Se você usou alguma rede social nestes últimos dois anos (e se você está lendo este texto, neste site, considerarei que sim) certamente ouviu falar que o Brasil está polarizado. Neste contexto, este termo se refere principalmente à política, partidária ou não. A última eleição presidencial em território brasileiro foi a mais acirrada desde a redemocratização, terminando com uma diferença menor do que 4 pontos percentuais entre os candidatos do segundo turno. Assim vimos a internet se rachar no meio, com dois lados bem destacados. Isto não é novidade para ninguém, não há nenhuma informação nova aqui, mas o meu ponto é: esta é uma análise muito superficial da situação! Em uma análise assim desconsideramos uma dispersão de opiniões existentes entre os discursos dos diversos grupos sociais existentes na sociedade civil. Desconsideramos que o atual governo possui críticas que vem tanto da direita quanto da esquerda do espectro político.
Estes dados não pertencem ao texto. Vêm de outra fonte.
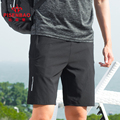 跑步运动五分裤男夏季健身薄款弹力速干吸汗徒步休闲宽松大码短裤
Mas nos acostumamos a pensar de maneira polarizada. E esta tendência não parece se restringir apenas ao Brasil. Com a eleição presidencial norte americana chegando, em um país onde esta disputa já é tradicionalmente mais polarizada do que aqui, sendo disputada praticamente por dois partidos apenas, dois candidatos começam a se destacar nas primárias estaduais de cada partido: Bernie Sanders é possivelmente um dos mais progressistas pré-candidato, com reais chances a concorrer as eleições, que os EUA já teve. Em compensação, no lado republicano, temos uma possível candidatura de Donald Trump, com um dos discursos mais conservadores já vistos nos últimos tempos.

Discurso político e quadrinhos andam lado a lado por mais tempo que você imagina,

Discurso político e super-heróis andam lado a lado por mais tempo que você imagina.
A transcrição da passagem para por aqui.